[Items from a data source]
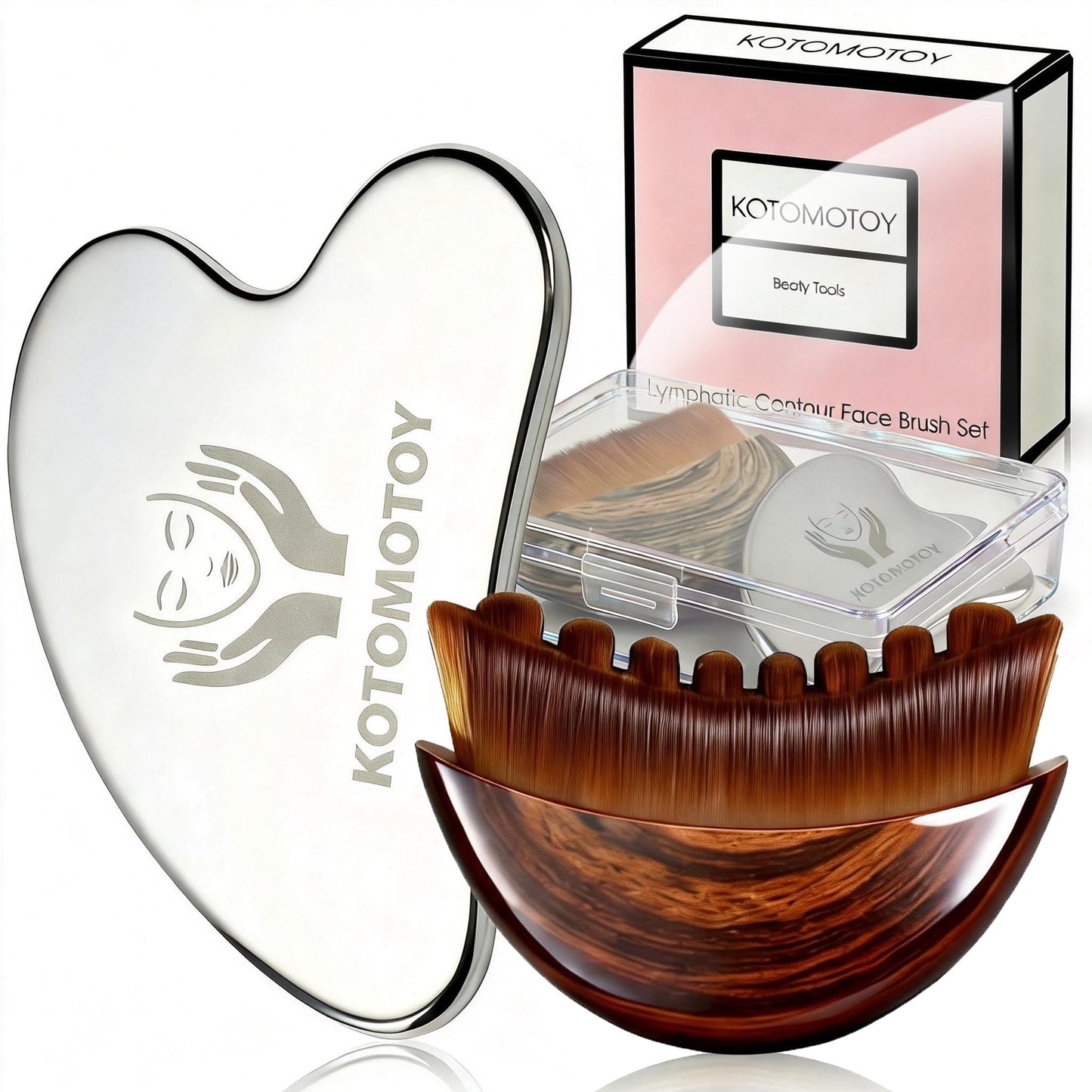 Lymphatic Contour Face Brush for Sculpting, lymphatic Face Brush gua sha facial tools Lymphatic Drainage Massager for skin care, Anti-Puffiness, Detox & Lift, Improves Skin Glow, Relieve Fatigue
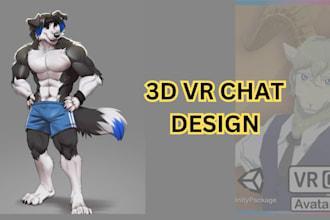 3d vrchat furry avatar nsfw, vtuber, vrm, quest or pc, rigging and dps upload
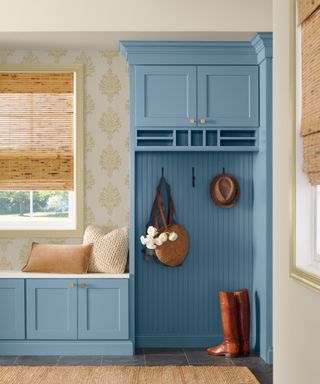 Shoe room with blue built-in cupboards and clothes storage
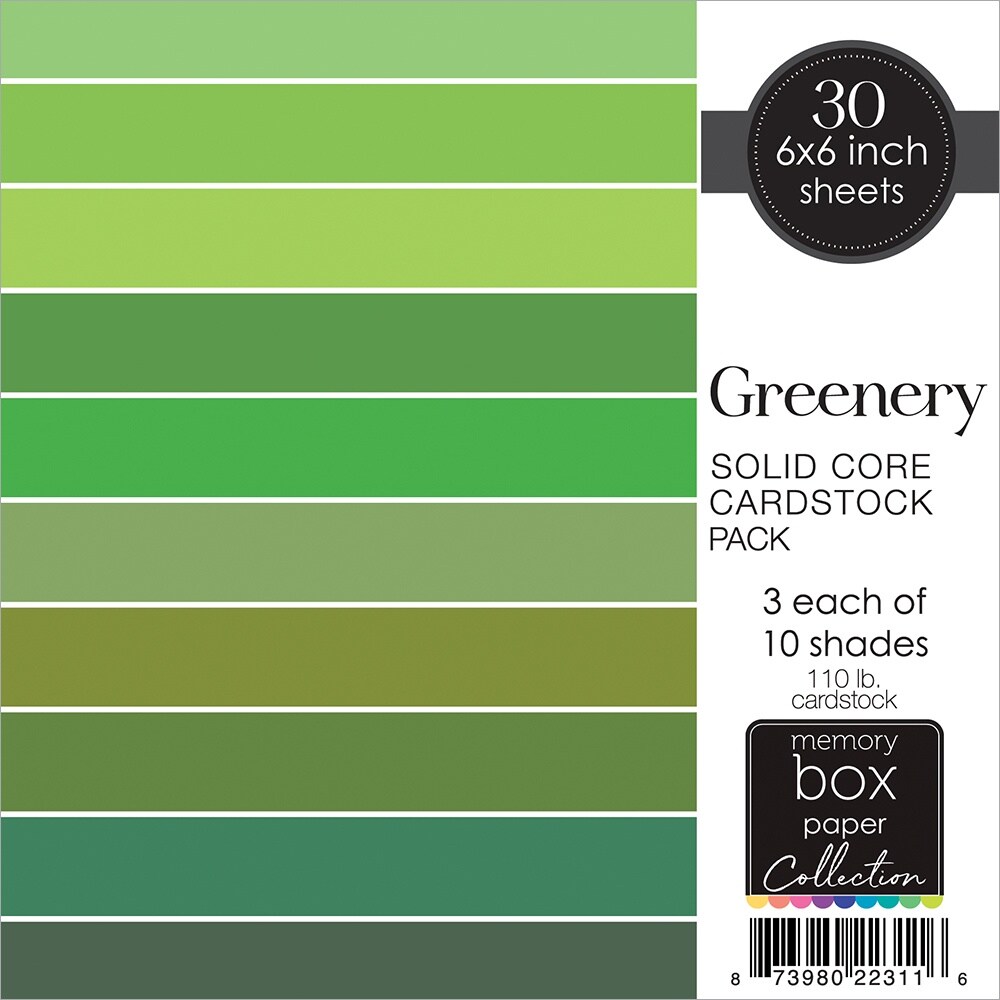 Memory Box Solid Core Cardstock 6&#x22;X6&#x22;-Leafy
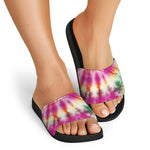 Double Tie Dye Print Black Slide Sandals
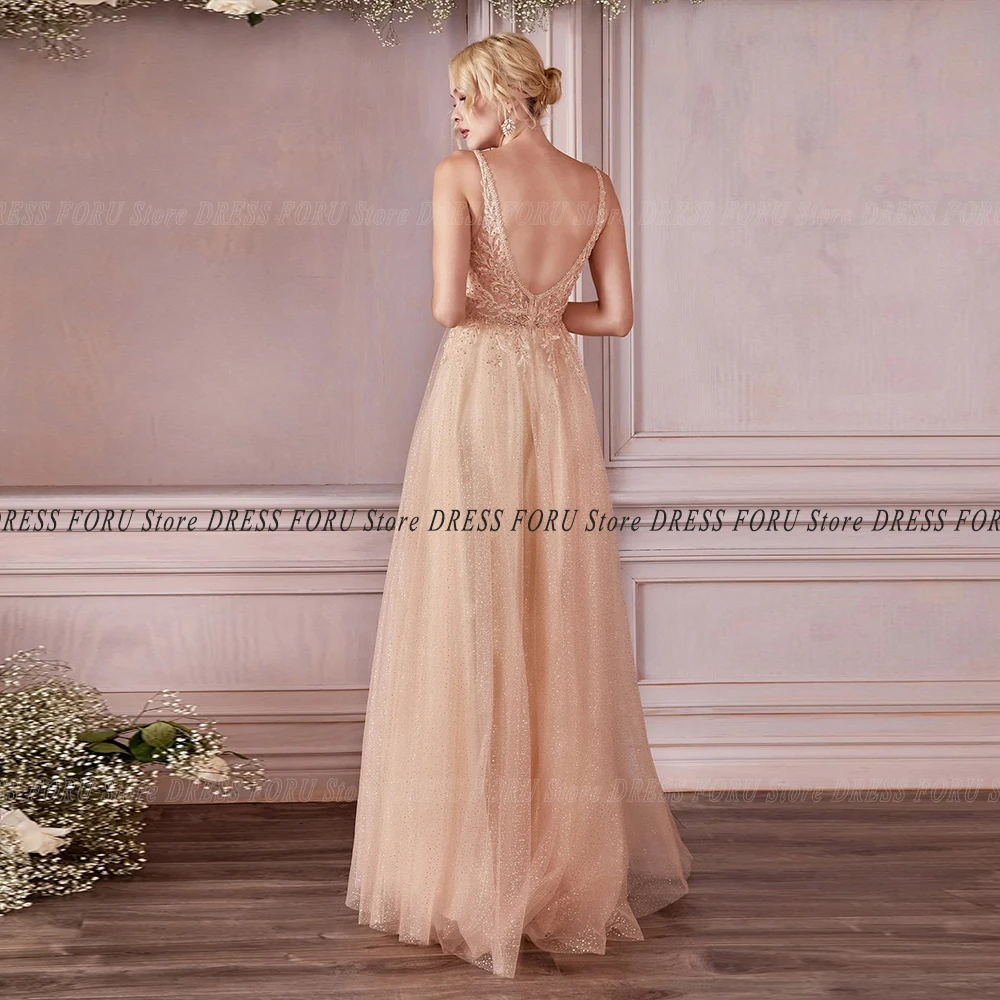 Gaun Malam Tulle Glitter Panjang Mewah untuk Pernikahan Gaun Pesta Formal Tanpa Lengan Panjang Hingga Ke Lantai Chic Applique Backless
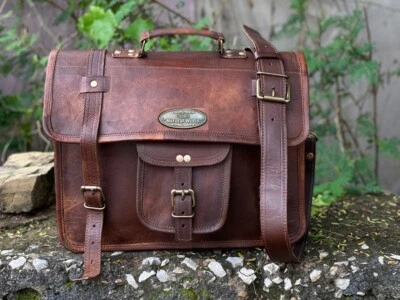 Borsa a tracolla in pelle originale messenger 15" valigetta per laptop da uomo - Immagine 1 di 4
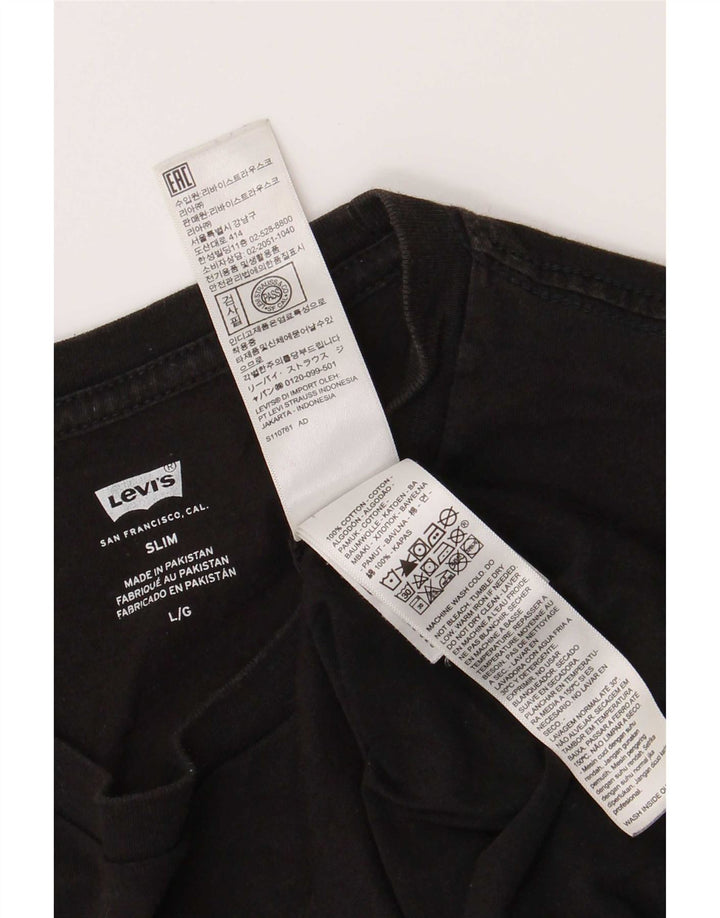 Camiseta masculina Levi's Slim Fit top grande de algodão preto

- [Instructions for the task]:
Repeat the entries faithfully. Any picture gets left out.

- [Task result]:
 Lymphatic Contour Face Brush for Sculpting, lymphatic Face Brush gua sha facial tools Lymphatic Drainage Massager for skin care, Anti-Puffiness, Detox & Lift, Improves Skin Glow, Relieve Fatigue
 3d vrchat furry avatar nsfw, vtuber, vrm, quest or pc, rigging and dps upload
 Shoe room with blue built-in cupboards and clothes storage
 Memory Box Solid Core Cardstock 6&#x22;X6&#x22;-Leafy
 Double Tie Dye Print Black Slide Sandals
 Gaun Malam Tulle Glitter Panjang Mewah untuk Pernikahan Gaun Pesta Formal Tanpa Lengan Panjang Hingga Ke Lantai Chic Applique Backless
 Borsa a tracolla in pelle originale messenger 15" valigetta per laptop da uomo - Immagine 1 di 4
 Camiseta masculina Levi's Slim Fit top grande de algodão preto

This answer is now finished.